What this task involves -
Copy nothing but the lines below, from the one with "Ta Làm Kế Mẫu Của Chồng Trước" through the one with "HP Blade ILO 在机箱 ILO 中无响应", exactly as written; no pictures should appear.
== Data extracts ==
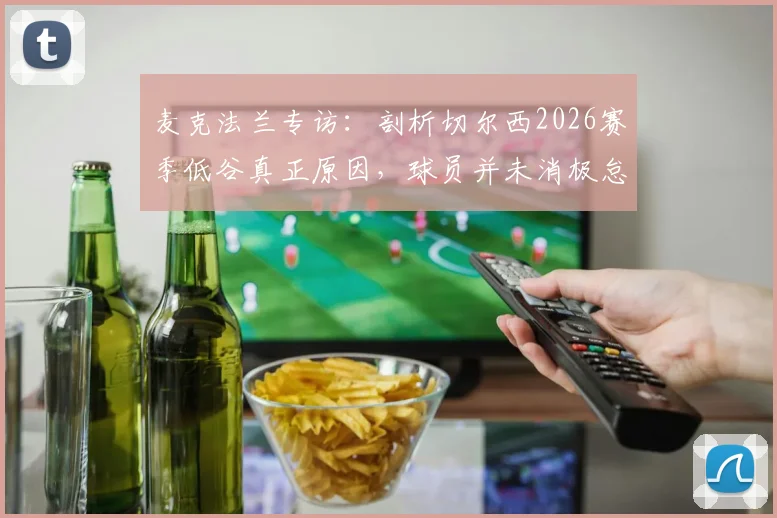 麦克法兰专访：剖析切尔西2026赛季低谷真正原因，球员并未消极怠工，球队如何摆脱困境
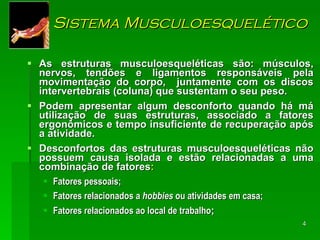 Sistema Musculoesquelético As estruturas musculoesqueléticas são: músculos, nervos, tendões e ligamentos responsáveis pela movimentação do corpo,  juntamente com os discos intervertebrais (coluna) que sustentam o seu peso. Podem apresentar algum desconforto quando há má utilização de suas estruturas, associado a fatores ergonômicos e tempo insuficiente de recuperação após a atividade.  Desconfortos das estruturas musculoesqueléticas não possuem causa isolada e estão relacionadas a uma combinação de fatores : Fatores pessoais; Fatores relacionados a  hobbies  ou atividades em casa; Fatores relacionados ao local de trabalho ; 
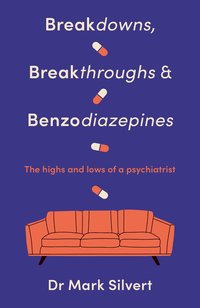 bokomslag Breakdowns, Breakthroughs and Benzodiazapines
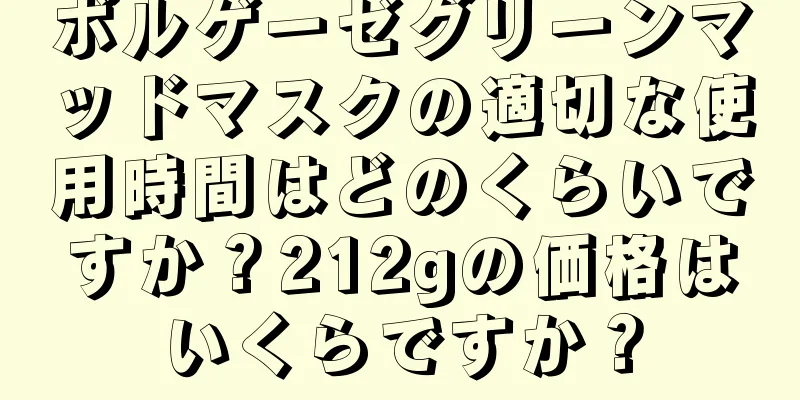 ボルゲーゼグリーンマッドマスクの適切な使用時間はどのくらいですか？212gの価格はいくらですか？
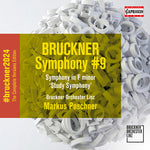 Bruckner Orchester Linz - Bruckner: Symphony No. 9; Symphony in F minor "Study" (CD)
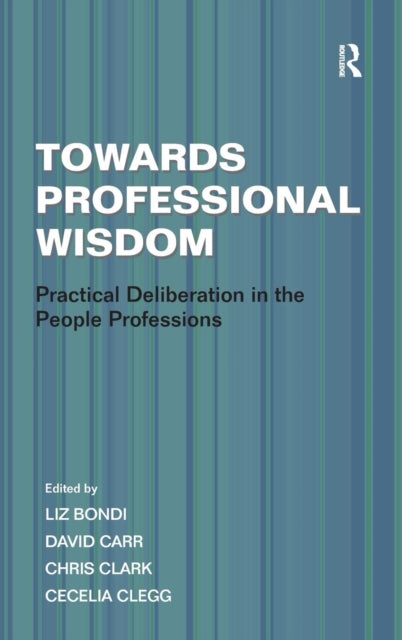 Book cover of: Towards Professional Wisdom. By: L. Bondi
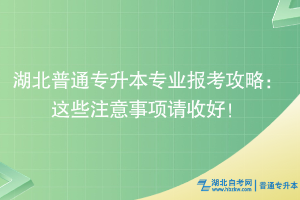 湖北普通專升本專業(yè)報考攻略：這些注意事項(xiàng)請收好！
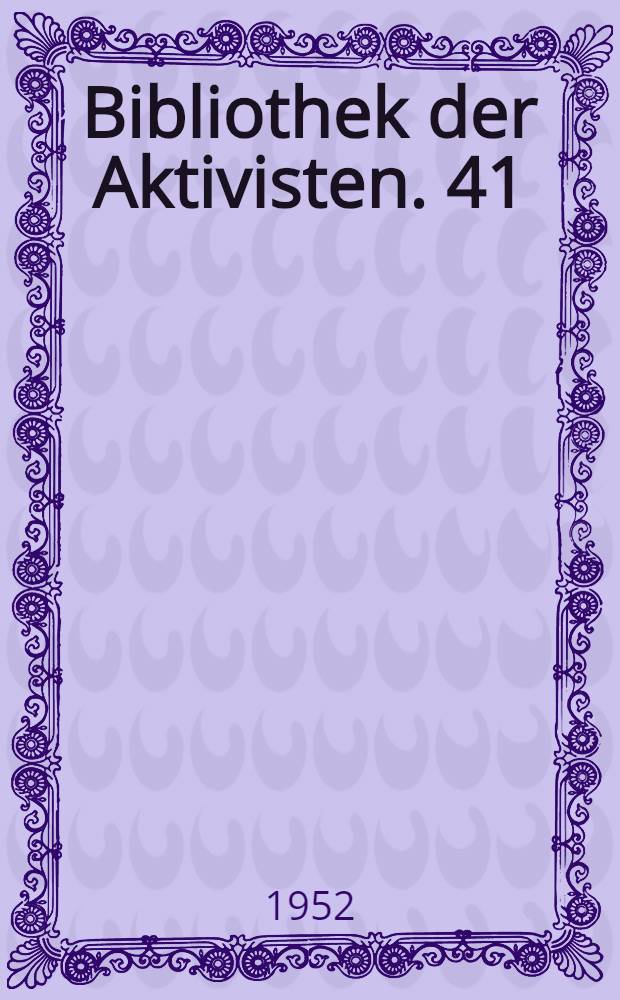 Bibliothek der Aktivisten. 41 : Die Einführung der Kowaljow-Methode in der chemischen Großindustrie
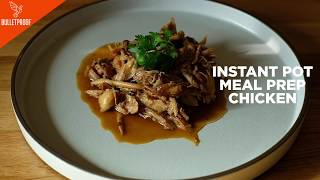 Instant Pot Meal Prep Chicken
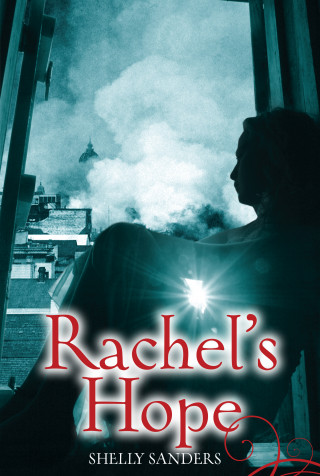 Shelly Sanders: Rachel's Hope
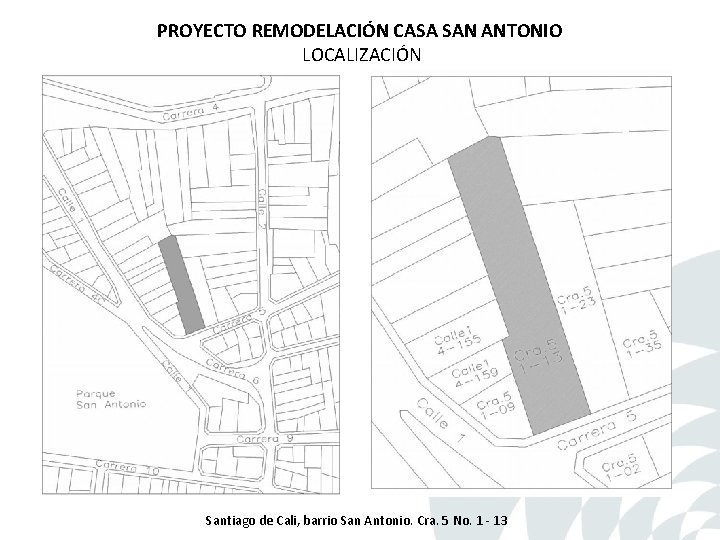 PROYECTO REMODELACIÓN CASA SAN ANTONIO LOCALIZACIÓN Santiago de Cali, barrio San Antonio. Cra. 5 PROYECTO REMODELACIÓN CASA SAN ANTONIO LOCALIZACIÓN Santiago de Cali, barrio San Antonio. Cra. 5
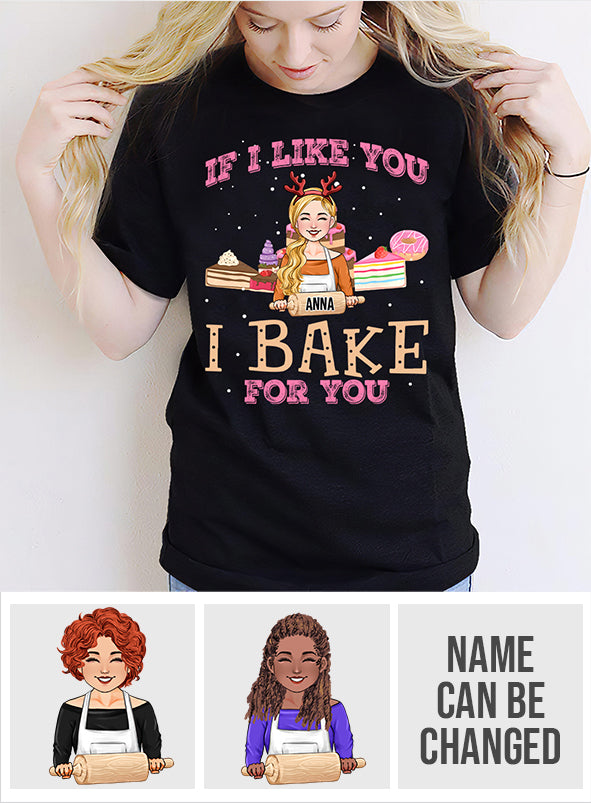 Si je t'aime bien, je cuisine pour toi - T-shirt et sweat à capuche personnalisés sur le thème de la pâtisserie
===
== Data extracts ==
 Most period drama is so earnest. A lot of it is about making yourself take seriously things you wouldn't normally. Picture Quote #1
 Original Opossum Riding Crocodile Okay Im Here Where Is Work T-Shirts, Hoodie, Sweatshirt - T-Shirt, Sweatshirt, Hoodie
===
== Data extracts ==
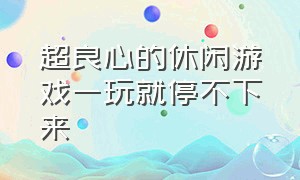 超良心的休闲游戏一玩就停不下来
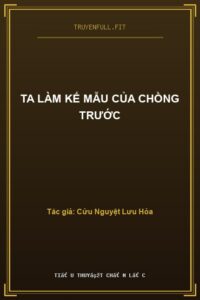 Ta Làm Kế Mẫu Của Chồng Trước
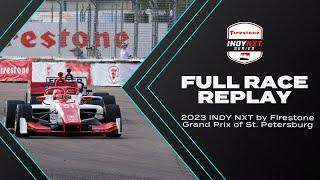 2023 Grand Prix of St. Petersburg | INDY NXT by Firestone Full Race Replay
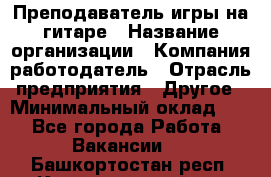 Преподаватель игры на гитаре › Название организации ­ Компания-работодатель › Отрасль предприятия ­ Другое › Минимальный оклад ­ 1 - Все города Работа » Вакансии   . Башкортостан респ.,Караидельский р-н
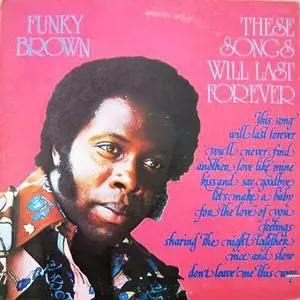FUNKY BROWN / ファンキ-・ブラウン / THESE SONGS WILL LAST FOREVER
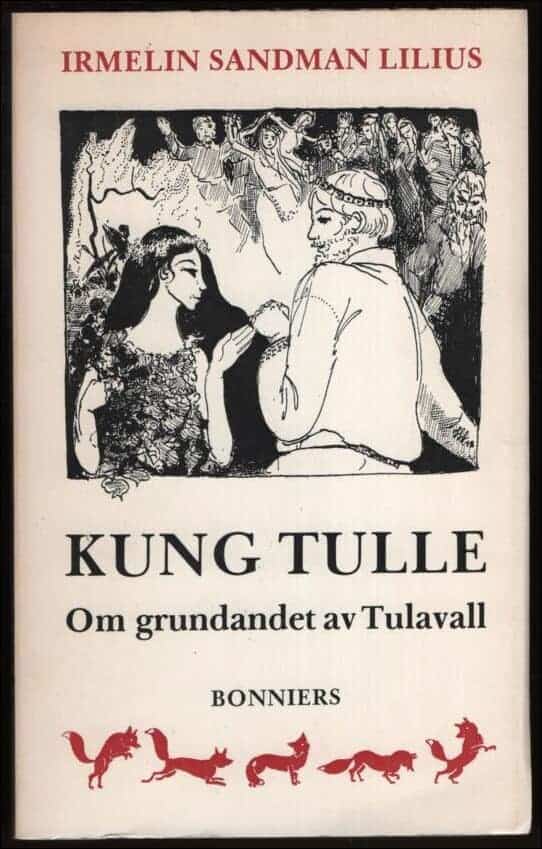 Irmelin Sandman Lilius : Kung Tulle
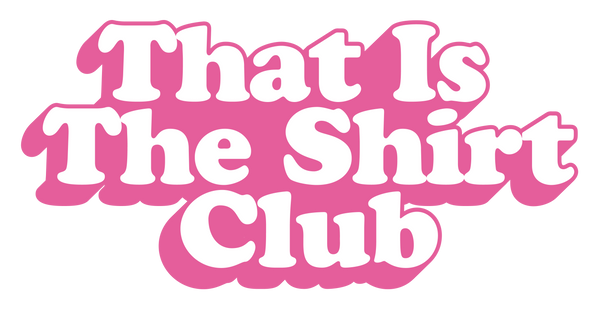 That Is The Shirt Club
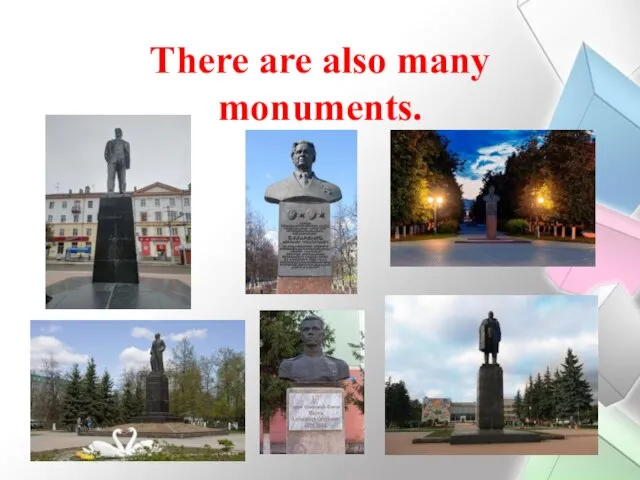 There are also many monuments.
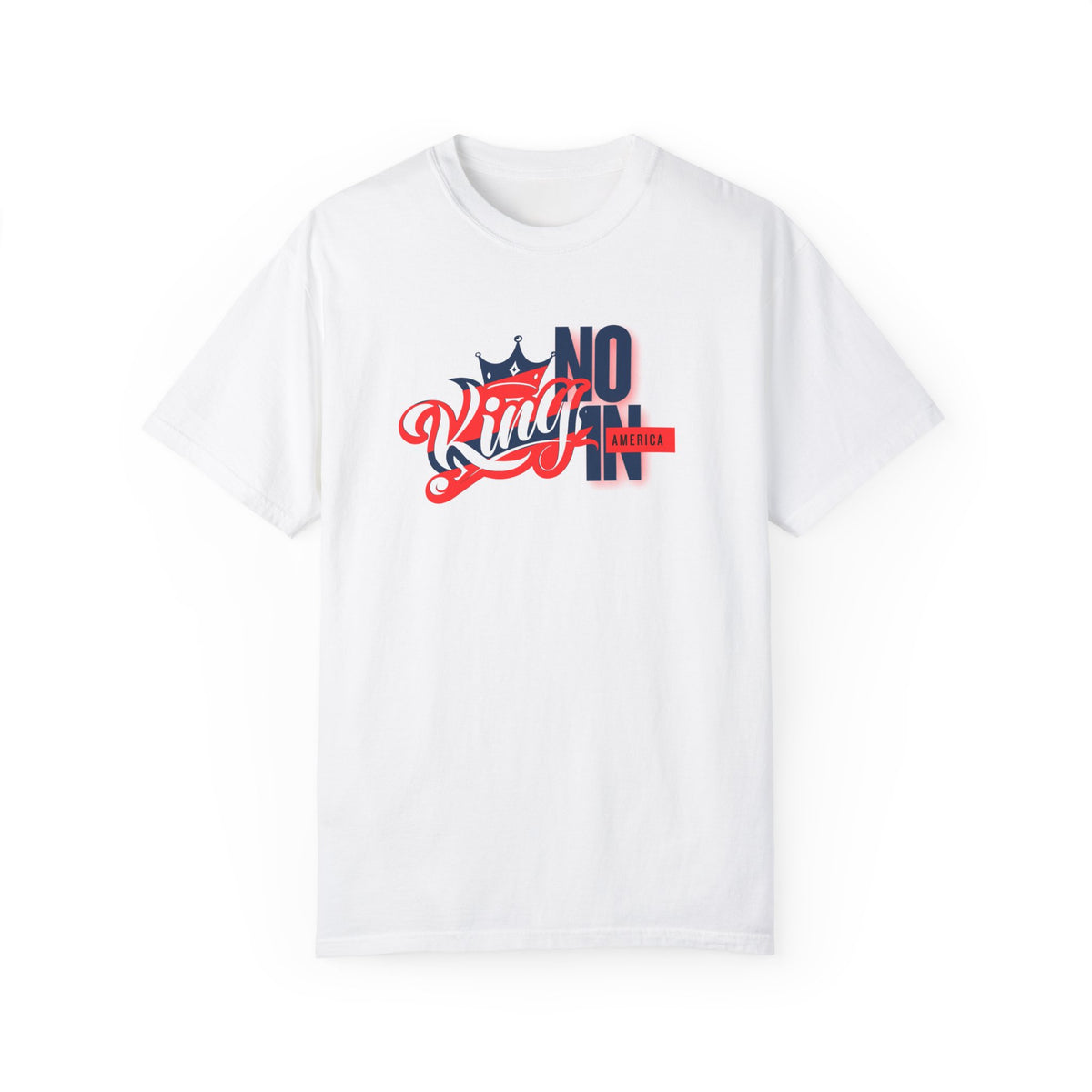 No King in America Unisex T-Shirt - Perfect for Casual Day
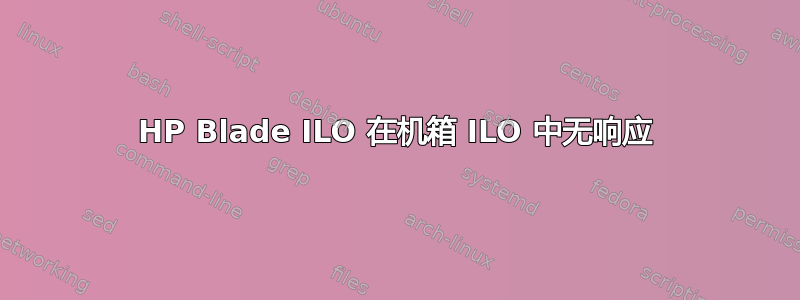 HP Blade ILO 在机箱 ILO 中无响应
===
Solution -
 Ta Làm Kế Mẫu Của Chồng Trước
 2023 Grand Prix of St. Petersburg | INDY NXT by Firestone Full Race Replay
 Преподаватель игры на гитаре › Название организации ­ Компания-работодатель › Отрасль предприятия ­ Другое › Минимальный оклад ­ 1 - Все города Работа » Вакансии   . Башкортостан респ.,Караидельский р-н
FUNKY BROWN / ファンキ-・ブラウン / THESE SONGS WILL LAST FOREVER
 Irmelin Sandman Lilius : Kung Tulle
 That Is The Shirt Club
 There are also many monuments.
 No King in America Unisex T-Shirt - Perfect for Casual Day
 HP Blade ILO 在机箱 ILO 中无响应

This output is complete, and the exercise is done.